YOUR GOAL: How many lines in this material include the string "description"? Answer with the number and nothing further.

+++++

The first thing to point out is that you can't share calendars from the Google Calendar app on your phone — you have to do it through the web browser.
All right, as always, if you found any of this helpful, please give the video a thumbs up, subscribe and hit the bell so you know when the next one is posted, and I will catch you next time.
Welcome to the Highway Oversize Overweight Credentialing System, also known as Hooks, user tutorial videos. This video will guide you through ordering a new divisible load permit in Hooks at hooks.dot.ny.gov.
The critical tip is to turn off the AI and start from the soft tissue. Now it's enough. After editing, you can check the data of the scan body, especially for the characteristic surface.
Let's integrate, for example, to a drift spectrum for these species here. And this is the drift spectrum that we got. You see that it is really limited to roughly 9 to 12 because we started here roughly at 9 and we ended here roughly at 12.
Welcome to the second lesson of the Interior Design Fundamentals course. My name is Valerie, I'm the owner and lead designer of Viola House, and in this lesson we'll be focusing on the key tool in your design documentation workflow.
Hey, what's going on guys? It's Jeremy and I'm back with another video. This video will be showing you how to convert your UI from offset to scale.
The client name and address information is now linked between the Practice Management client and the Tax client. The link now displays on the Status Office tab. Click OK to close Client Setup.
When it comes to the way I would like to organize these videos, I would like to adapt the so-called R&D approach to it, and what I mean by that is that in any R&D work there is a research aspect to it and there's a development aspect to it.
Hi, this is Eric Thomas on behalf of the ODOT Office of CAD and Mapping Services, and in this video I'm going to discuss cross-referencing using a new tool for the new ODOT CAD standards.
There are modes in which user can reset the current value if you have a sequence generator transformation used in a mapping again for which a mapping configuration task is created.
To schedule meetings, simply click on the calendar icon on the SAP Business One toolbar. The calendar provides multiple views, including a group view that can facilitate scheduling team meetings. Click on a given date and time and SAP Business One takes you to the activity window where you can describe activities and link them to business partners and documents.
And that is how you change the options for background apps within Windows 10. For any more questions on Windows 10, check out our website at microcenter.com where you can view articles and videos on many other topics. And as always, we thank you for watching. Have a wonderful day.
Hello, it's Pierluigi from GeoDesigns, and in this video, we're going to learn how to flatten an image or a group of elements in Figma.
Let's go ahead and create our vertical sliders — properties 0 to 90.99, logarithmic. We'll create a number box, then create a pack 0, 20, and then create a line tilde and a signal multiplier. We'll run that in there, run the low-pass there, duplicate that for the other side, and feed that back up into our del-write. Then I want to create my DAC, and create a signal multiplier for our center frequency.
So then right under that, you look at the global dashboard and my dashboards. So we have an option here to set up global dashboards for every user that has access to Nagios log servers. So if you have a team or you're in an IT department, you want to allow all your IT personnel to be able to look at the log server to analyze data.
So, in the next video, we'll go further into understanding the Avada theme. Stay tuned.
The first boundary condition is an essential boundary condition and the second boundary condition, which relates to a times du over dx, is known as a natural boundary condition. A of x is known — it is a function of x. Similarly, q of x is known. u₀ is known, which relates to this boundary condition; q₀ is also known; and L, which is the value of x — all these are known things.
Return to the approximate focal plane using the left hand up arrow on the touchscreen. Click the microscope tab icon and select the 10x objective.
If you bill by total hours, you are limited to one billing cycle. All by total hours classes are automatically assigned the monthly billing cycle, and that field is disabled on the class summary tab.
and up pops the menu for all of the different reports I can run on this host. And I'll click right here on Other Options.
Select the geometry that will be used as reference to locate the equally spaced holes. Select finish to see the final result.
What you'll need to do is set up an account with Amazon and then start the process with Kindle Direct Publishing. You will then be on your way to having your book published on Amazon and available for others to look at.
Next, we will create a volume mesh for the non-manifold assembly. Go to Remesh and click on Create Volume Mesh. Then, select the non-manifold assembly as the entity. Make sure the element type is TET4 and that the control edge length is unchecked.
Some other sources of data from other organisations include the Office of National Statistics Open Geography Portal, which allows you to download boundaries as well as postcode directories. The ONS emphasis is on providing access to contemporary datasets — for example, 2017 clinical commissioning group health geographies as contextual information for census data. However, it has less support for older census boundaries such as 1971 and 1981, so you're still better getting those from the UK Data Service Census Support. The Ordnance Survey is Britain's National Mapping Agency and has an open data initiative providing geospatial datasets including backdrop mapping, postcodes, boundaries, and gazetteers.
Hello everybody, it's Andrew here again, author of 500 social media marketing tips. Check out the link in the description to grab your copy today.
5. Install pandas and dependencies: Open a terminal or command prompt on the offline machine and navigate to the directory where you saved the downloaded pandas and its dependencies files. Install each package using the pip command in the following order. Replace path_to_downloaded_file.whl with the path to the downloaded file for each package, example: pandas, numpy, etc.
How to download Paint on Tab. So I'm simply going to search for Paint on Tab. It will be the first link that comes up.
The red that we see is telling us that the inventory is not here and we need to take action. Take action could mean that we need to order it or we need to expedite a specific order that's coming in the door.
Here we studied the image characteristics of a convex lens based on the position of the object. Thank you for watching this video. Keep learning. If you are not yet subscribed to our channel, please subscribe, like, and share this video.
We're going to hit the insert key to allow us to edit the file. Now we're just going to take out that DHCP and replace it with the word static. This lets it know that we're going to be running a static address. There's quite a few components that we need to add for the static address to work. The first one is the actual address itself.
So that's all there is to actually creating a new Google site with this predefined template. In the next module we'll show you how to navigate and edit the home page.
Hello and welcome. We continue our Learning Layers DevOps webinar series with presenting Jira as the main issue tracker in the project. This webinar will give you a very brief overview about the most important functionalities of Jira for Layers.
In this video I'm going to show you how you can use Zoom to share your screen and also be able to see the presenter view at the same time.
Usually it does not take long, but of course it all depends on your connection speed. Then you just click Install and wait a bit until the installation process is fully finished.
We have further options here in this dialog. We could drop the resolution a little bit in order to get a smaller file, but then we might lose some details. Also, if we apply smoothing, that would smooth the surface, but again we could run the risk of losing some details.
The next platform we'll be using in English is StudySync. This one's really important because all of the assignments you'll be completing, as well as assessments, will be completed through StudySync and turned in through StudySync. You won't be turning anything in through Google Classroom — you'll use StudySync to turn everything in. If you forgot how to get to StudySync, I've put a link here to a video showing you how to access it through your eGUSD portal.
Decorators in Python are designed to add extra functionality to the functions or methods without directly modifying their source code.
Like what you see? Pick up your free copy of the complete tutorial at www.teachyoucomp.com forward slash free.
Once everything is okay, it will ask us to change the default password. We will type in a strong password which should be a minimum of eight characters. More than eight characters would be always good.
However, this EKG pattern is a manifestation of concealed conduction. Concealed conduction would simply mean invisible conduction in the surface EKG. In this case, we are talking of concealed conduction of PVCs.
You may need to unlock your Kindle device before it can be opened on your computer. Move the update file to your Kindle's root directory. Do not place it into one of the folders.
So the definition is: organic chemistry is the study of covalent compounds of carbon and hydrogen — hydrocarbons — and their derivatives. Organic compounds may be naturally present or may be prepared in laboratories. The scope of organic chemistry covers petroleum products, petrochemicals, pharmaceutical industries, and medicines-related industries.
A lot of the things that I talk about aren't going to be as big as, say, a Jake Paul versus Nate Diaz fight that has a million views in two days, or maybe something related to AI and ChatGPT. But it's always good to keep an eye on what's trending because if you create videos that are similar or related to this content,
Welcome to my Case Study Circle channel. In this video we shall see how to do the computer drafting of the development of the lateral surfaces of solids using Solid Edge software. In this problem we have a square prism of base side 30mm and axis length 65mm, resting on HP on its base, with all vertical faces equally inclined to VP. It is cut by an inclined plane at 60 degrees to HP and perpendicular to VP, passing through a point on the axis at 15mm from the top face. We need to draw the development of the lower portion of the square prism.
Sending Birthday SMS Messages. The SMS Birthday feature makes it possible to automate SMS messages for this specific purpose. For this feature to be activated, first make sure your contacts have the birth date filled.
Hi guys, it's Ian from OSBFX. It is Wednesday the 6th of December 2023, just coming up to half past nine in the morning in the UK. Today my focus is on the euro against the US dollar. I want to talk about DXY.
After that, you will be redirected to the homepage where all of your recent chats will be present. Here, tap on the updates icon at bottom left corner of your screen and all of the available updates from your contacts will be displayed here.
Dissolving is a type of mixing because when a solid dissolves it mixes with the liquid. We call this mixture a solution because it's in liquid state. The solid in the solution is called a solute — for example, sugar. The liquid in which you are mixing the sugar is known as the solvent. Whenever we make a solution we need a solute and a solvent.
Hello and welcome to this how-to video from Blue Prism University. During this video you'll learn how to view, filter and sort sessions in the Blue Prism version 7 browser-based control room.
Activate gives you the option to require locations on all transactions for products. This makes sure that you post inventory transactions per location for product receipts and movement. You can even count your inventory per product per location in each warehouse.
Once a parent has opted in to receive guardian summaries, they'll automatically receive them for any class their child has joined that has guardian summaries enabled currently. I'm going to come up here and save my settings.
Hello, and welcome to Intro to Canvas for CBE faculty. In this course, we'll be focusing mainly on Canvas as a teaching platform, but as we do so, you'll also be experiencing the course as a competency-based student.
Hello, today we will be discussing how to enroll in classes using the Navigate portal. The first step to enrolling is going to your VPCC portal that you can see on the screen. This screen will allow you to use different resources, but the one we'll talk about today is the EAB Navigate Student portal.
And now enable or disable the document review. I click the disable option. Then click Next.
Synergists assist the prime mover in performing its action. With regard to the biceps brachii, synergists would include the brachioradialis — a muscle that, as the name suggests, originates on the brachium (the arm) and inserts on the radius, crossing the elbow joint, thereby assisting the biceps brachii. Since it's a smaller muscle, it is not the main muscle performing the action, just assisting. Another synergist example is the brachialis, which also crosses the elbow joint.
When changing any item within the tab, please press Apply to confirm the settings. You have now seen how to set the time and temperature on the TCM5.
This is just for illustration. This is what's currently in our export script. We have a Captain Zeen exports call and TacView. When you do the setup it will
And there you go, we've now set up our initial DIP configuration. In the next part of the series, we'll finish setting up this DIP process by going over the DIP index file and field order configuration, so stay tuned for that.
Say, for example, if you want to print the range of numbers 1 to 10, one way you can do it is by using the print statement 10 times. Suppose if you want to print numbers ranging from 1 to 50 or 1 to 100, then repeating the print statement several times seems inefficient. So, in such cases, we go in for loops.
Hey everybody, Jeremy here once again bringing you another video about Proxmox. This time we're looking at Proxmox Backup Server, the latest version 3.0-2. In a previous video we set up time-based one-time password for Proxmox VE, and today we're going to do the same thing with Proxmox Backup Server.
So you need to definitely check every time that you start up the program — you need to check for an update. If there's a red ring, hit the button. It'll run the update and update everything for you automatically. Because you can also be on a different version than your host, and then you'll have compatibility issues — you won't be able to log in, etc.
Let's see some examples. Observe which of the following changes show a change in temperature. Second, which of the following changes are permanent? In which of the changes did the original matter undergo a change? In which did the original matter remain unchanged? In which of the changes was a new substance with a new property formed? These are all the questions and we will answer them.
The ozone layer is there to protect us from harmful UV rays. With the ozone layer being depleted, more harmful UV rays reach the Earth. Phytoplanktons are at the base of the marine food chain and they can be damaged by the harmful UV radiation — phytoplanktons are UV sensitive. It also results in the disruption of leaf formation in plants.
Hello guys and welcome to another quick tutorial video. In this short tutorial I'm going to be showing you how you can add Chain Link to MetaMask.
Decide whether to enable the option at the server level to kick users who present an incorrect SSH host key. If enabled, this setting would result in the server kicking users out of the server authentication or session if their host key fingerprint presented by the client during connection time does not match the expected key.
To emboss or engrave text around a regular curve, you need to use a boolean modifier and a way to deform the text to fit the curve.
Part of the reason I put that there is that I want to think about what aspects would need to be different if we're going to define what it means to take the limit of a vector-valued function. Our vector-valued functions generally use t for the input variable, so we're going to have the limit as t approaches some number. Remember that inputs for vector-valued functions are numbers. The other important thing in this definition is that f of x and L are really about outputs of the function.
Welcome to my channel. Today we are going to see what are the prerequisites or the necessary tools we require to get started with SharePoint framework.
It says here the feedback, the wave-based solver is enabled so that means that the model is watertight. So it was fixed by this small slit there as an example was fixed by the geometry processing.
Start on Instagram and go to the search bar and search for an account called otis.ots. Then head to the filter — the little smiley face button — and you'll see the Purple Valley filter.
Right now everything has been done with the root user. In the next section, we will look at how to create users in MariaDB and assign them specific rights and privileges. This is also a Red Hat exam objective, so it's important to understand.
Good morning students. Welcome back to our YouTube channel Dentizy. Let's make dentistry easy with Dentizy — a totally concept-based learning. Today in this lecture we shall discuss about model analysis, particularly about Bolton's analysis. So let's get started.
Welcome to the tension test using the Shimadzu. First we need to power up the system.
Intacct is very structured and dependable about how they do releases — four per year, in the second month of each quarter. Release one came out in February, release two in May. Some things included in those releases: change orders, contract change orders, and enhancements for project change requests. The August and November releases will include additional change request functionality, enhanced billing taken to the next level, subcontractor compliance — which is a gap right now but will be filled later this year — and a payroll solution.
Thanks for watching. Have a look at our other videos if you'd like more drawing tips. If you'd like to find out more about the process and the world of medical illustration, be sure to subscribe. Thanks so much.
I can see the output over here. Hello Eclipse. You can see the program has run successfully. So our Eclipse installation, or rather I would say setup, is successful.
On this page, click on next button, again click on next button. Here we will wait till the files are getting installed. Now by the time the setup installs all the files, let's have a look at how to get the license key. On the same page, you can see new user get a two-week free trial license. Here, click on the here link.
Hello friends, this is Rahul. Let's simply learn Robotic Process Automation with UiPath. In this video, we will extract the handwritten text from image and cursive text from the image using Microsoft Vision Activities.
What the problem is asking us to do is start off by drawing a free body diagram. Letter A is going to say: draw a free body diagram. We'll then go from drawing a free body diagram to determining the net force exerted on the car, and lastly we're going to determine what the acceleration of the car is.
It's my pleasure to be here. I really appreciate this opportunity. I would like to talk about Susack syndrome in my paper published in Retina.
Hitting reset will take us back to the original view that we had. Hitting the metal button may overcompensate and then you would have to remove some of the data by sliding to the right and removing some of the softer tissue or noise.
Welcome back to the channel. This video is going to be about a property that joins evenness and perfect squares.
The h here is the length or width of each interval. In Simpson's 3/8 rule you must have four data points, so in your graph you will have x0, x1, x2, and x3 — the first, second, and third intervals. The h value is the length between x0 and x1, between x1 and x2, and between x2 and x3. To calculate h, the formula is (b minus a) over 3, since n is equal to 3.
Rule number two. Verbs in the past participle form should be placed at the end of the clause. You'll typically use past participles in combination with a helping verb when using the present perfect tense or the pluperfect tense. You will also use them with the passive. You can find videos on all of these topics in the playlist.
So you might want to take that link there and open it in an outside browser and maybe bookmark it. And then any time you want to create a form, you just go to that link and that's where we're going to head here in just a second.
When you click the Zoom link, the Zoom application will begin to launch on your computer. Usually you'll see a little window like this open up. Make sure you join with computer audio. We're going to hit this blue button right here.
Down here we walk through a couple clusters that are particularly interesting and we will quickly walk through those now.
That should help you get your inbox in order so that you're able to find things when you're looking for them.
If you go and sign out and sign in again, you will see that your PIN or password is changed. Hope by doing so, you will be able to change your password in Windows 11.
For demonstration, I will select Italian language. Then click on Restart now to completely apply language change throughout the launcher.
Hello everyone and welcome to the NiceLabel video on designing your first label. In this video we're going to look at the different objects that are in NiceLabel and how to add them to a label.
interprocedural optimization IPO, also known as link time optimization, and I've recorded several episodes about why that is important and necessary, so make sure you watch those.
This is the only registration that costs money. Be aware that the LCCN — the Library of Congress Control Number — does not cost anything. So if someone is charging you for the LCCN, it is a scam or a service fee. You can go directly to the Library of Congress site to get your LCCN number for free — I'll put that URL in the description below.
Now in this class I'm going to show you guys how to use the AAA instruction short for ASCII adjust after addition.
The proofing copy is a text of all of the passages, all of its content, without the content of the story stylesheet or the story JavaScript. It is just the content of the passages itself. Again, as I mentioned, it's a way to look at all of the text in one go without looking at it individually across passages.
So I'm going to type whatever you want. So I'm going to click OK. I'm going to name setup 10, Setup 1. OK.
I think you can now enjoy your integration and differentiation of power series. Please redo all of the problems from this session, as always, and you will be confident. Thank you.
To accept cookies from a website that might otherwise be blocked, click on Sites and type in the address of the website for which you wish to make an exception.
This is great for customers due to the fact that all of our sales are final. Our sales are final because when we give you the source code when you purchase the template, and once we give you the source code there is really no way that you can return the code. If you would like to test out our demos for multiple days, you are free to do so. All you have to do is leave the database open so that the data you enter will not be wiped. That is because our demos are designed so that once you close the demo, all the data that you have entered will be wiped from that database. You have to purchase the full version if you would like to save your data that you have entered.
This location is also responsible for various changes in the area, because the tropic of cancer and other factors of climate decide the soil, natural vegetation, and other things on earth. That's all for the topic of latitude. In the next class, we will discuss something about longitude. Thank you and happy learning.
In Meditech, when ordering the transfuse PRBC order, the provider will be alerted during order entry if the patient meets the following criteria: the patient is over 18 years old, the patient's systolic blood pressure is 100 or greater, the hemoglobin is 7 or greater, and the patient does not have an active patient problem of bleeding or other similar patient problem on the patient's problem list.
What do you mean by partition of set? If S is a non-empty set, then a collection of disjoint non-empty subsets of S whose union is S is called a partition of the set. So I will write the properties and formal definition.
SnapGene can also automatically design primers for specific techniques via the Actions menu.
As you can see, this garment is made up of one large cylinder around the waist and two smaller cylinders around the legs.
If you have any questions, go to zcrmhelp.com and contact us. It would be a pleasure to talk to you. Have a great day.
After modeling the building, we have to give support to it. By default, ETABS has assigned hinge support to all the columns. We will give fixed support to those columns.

+++++

RESPONSE AREA: 2